# The Full Potential of the R4512



## eatsawdust (Mar 16, 2012)

Wow, I think that never would have crossed my mind to do that! But I think if I were able to get a good deal on the saw and the fence I would probably do it. In my experience I think you are right the fence is the most important part of the saw, I have owned a Craftsman jobsite saw, Delta bench top, two Dewalts jobsite saws, a Bosch jobsite saw, a Ridgid 3650 and a Jet super saw, so I have experienced several types from owning them and have used a Unisaw, Ridgid portable and some Ryobi table saws. I also touched a Powermatic, Grizzly, and Sawstop in the showrooms but have not used them yet or owned one yet (one can certainly dream).


----------



## aatwatch (Mar 18, 2013)

Thanks for the encouragement! I am not trying to say that expensive saws are not worth the price I am just trying to open a dialogue about alternatives for an average joe budget. I have micro precision for 1300 bucks including the blade. Am I ridiculous or smart? Two different schools of thought I guess..


----------



## BrandonW (Apr 27, 2010)

Nice! But why is the old fence still attached to the side of the saw?


----------



## aatwatch (Mar 18, 2013)

I just threw it down there yesterday when I was clearing the stock rails for the install


----------



## sixstring (Apr 4, 2012)

Those Incra fence systems are very impressive… it's a stupid gripe of mine but man do i hate that gold color, especially since it seems to match my Powermatic saw so well.
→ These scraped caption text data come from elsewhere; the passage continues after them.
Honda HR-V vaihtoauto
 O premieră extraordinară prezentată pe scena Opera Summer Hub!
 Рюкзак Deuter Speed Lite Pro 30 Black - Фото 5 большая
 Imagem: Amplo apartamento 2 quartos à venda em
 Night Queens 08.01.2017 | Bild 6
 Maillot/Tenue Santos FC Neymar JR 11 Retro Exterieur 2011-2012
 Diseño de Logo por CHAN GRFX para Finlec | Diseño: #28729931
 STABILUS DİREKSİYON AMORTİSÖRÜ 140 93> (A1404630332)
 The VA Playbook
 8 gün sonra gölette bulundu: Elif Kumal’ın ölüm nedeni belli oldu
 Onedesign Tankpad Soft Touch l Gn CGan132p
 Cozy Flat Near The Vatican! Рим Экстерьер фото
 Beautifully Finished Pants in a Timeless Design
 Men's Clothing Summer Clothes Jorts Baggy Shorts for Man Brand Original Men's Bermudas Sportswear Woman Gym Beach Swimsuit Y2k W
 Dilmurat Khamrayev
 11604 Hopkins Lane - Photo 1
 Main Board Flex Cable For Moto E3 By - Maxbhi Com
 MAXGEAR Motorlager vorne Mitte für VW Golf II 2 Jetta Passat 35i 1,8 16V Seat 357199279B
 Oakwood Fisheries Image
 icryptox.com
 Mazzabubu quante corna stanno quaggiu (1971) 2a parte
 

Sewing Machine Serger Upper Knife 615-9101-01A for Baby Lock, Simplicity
I just have a Vega fence which I cant complain much about.

Way to upgrade the Ridgid… You should send them a pic of how nice their machine can be set up.


----------



## aji (Feb 9, 2011)

I have one installed on a Bosch 4100


----------



## a1Jim (Aug 9, 2008)

It's all about what works for each of us. You don't have to have a $10,000 saw for it to meet your needs.


----------



## aatwatch (Mar 18, 2013)

"Like" Button to a1Jim


----------



## RUINTUIT (Jan 2, 2009)

Same set up with these differences: Craftsman table saw, BenchDog Router table and fence on the left end with a RouterFX lift holding a PC 892. I love the entire setup, except the weight of the saw and the power. Too light, too weak. I get everything done that I set out to do, but there is always a reset on the power source if I'm doing anything larger than 2". Also using WWII. My dream saw is a simple Grizz 690, with Incra Fence, and the same router extension setup. Just have to get some 220 wired to the garage. The Rigid looks good with the gold. I never hesitate with not installing the stock fence in favor of the Incra if I were to pull the trigger on the grizzly.


----------



## RibsBrisket4me (Jul 17, 2011)

Props to you Jason and also to aji, for making your saws all YOU want them to be!!

Thanks for sharing!!!


----------



## dczward (May 23, 2011)

I'm a Craftsman 21833 owner (same saw) with a LS-TS too. Great upgrade. One day I'll move the Incra over to a 3HP Sawstop, but until then, it's a great setup.


----------



## aji (Feb 9, 2011)

I really want a cabinet saw with the incra but the problem is i cant find one here in the Philippines. 
My only option is to import one from the US but the shipping and tax would double the price. Had to get the 4100 instead and i'm happy with it especially with the incra.


----------



## klassenl (Feb 13, 2011)

I like extension cords and the power bar behind our saw.


----------



## muleskinner (Sep 24, 2011)

I can't figure out why you'd prepare yourself for criticism. If the blade spins true on a Home Depot saw, I can't see where it would be less legitimate to trick it out than it would be on some 'trophy' saw.


----------



## aatwatch (Mar 18, 2013)

I view it that way as well.. It's just that the fence system alone cost more than the saw so I figured it would look funny.. turns out the only criticism i have received is for the extension cord powering a shop light in the background go figure


----------



## longgone (May 5, 2009)

An Incra fence system is great and it will improve any saw as some of the previous posts show. The good thing is that it can be be removed and placed on a different saw if you decide to change saws. I had a Incra fence on my Grizzly cabinet saw. When I put it on I kept the stock fence …knowing I would put it back on when i sold the Grizzly.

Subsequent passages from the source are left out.